Sonically, is there anything new or different that you attempted on Strange Negotiations that you’re excited to present to your fans?
I think there are some different elements. I don’t really have a plan of like, “This is what I’m trying to achieve.” I just kind of get in there and go for it, and do what seems appropriate in the moment, and go for it. By default there ends up being a sonic “pow” that I didn’t really know was going to be that way going in. There’s a subtle refinement of a lot of different sonic elements that don’t really amount to anything new overall, but I think are more well done, to my ears. I like my band better. I like the people of my band. It’s been a long time.
You’ve walked through your internal battles, from the spiritual conflicts that you’ve worked through in your music to alcoholism. Do you feel more at peace now, in the present?

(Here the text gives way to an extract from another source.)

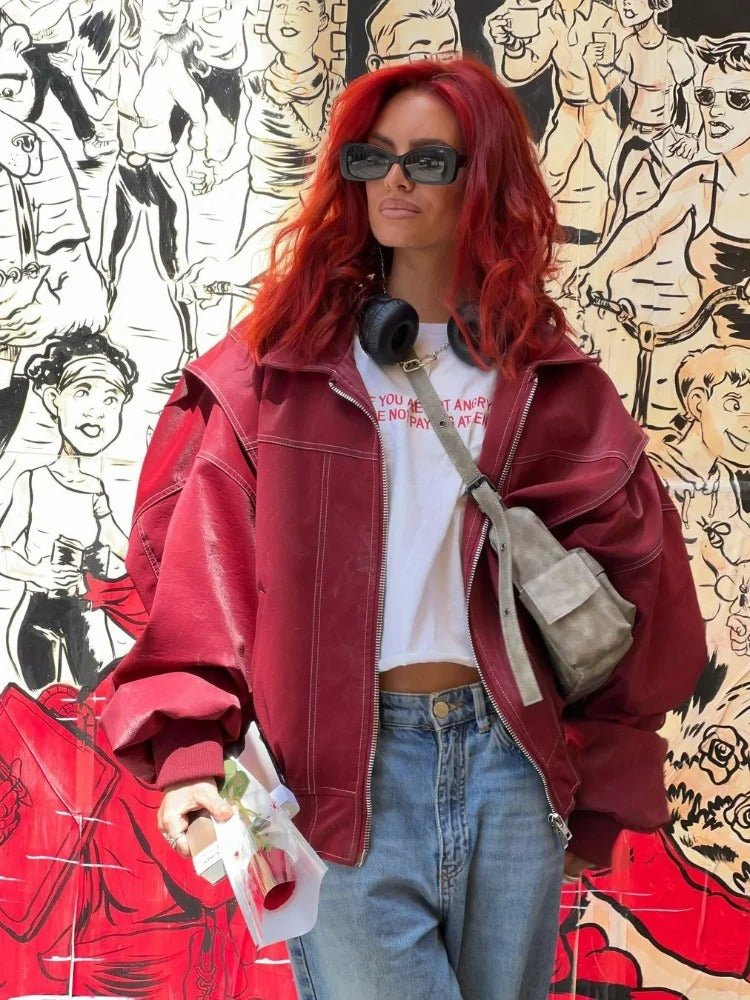 WW | Kunstleder Bomberjacke - Lockere Passform - Veganes Leder - Streetwear-Essential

I do, very much. And I don’t imagine that. I mean, I imagine that there is an even deeper sort of peace available. I mean, there’s sort of the Christian mission that I grew up with that there’s either full peace or no peace, and I think that that’s ... not true. I think that there are degrees of being at peace with oneself and one’s surroundings, and it comes from making good choices, in my mind, more than anything. But I feel more at peace than I ever have, and I think a lot of that comes from allowing myself to own my own thoughts about things, and just to be able to honestly explore. There’s just a freedom which, simply said, I think is just from being honest with myself.
In this honest approach that you take to songwriting, do you feel like you’re after catharsis, or reform or maybe a little bit of both?
Well, there’s an impulse to kind of get to the bottom of things in general that I feel personally, and I think my songwriting is just a pretty natural extension of that. And so, yeah, reform, catharsis: I think both those things are a result of getting to the bottom of things and trying to understand the underlying dynamics of what doesn’t work and what does seem to work.
People have called you everything from a prophet, to a poet, to a heretic. Who do you think David Bazan is?
Well, I’m a husband and a dad. I’d like to think I’m a practitioner of songwriting. I think it’s a pretty epic company to be in, to be able to call myself a songwriter. As far as the rest of the stuff, I mean, you just can’t take that seriously, the labels. Gillian Welch says, “Time is the revelator.” People are fond of developing or trying to develop a reputation, and then trading on that reputation, and I just think that’s a waste of time. You are who you are, and any given point in time will tell what the sum of your activities and your personality are. People can say whatever they want; I’m curious to see what happens.